El enemigo invisible es nuestro propio corazón. Estamos en una guerra que comienza desde el mismo momento del nacimiento y continuará hasta nuestro último aliento de vida.
En cualquier guerra, es sabido que la clave del triunfo está en conocer bien a nuestro oponente: sus tácticas, las formas de reaccionar y los puntos débiles. Pero hay un grave problema en esta guerra: “Engañoso es el corazón más que todas las cosas, y perverso; ¿quién lo conocerá? Lo conozco yo, el Señor, que escudriño la mente y pongo a prueba el corazón; que pago a cada uno según su conducta y según el resultado de sus obras” (Jer 17:9-10). ¡A nuestro enemigo sólo lo conoce Dios! ¡Por eso es tan difícil detectar sus engaños!
Tenemos un adversario engañoso y perverso y nada más ni nada menos… ¡que en nuestro interior! El pecado nos acompaña de nacimiento. Por eso, de dentro nuestro sale toda la maldad (aunque intentemos echarle la culpa a nuestros padres, a la sociedad, a la educación…). Jesús lo dejó bien claro: “Pero decía, que lo que del hombre sale, eso contamina al hombre. Porque de dentro, del corazón de los hombres, salen los malos pensamientos, los adulterios, las fornicaciones, los homicidios, los hurtos, las avaricias, las maldades, el engaño, la lascivia, la envidia, la maledicencia, la soberbia, la insensatez. Todas estas maldades de dentro salen, y contaminan al hombre” (Mc 7:20-23).
Cristo vino para pagar con su muerte en la Cruz el castigo por los pecados de su pueblo. Por eso, si recibimos ese regalo del Padre, que es la salvación por medio del sacrificio vicario de Jesús, Él se convierte en el Señor de nuestras vidas. Porque sólo Él ha pagado la deuda que teníamos.
Ser discípulos de Cristo implica una guerra continua entre querer hacer nuestra voluntad (nuestro corazón, nuestra carne y naturaleza pecaminosa) y hacer la voluntad de Dios (que es ahora nuestro nuevo dueño). Esta lucha es ardua e implica matar cada día al enemigo que tenemos dentro: el corazón, el yo.

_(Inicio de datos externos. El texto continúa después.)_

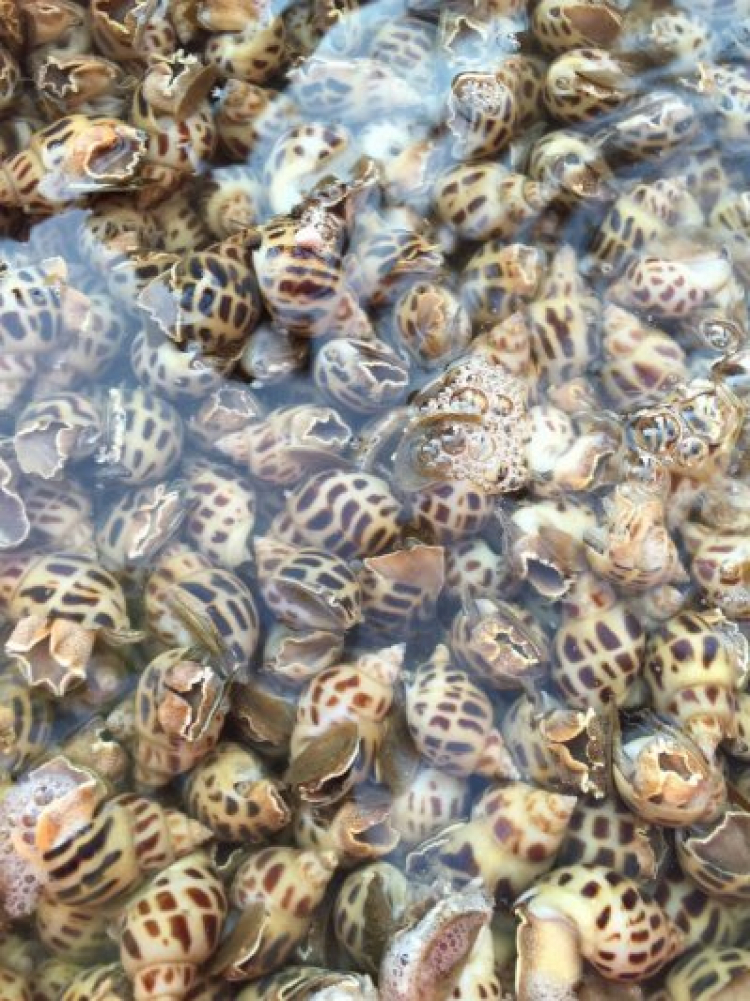 Lập hội OS Thủ Đức Lập hội OS Thủ Đức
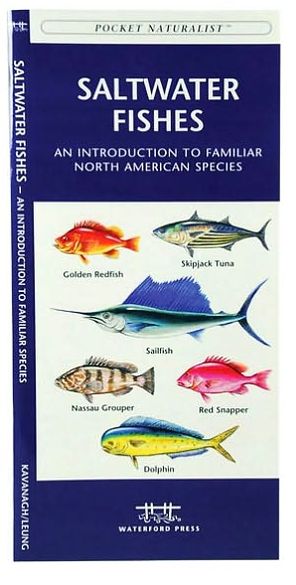 Saltwater Fishes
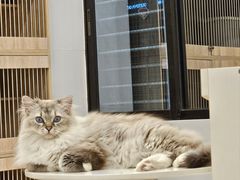 -有喵·猫咖·狗咖·30几只猫10只小狗(岗厦店)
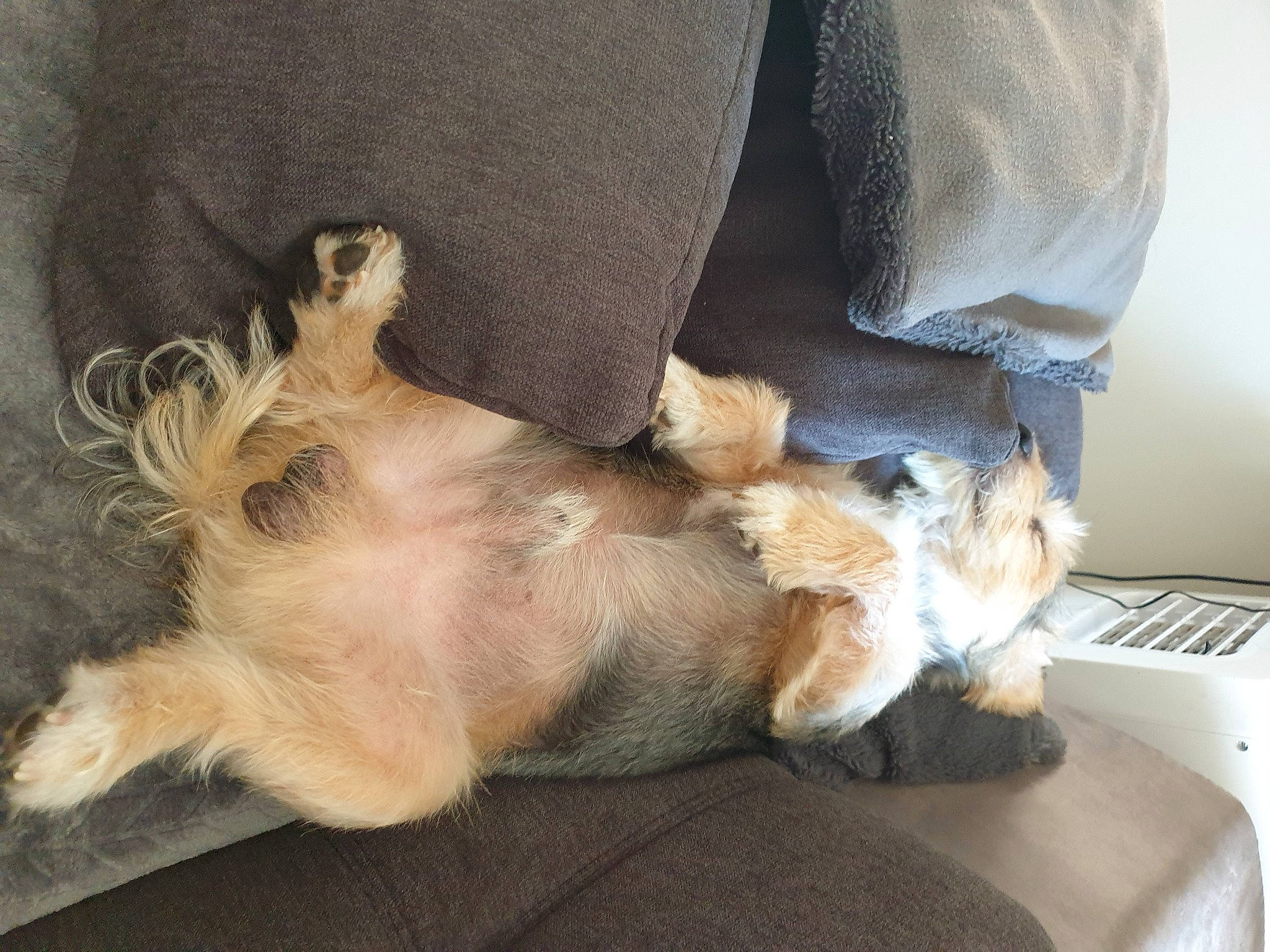 Cocaïne a rejoint le concours — aidez-le/la à gagner de superbes lots ! canidae, carnivore, claw, comfort, companion_dog, dog, dog_breed, fawn, felidae, foot, fur, human_leg, mammal, nap, paw, snout, sporting_group, tail, vertebrate, whiskers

No pueden vivir los dos, ha de morir mi yo, para que Cristo pueda vivir, como decía el apóstol Pablo: “Con Cristo estoy juntamente crucificado, y ya no vivo yo, mas vive Cristo en mí; y lo que ahora vivo en la carne, lo vivo en la fe del Hijo de Dios, el cual me amó y se entregó a sí mismo por mí” (Gál 2:20).
Además, el mismo Jesús dio ejemplo con su muerte, para darnos vida. “De cierto, de cierto os digo, que si el grano de trigo no cae en la tierra y muere, queda solo; pero si muere, lleva mucho fruto” (Jn 12:24). Él murió para salvarnos y librarnos de la paga del pecado, que era la muerte. “Porque la paga del pecado es muerte, mas la dádiva de Dios es vida eterna en Cristo Jesús Señor nuestro” (Ro 6:23).
Toda muerte trae dolor, así que no te sorprendas si padeces por matar los deseos de tu corazón que se oponen al Espíritu que Dios puso en ti cuando recibiste a Cristo como tu Señor. Es normal que haya una disputa en tu interior: recuerda que ‘vives con el enemigo’.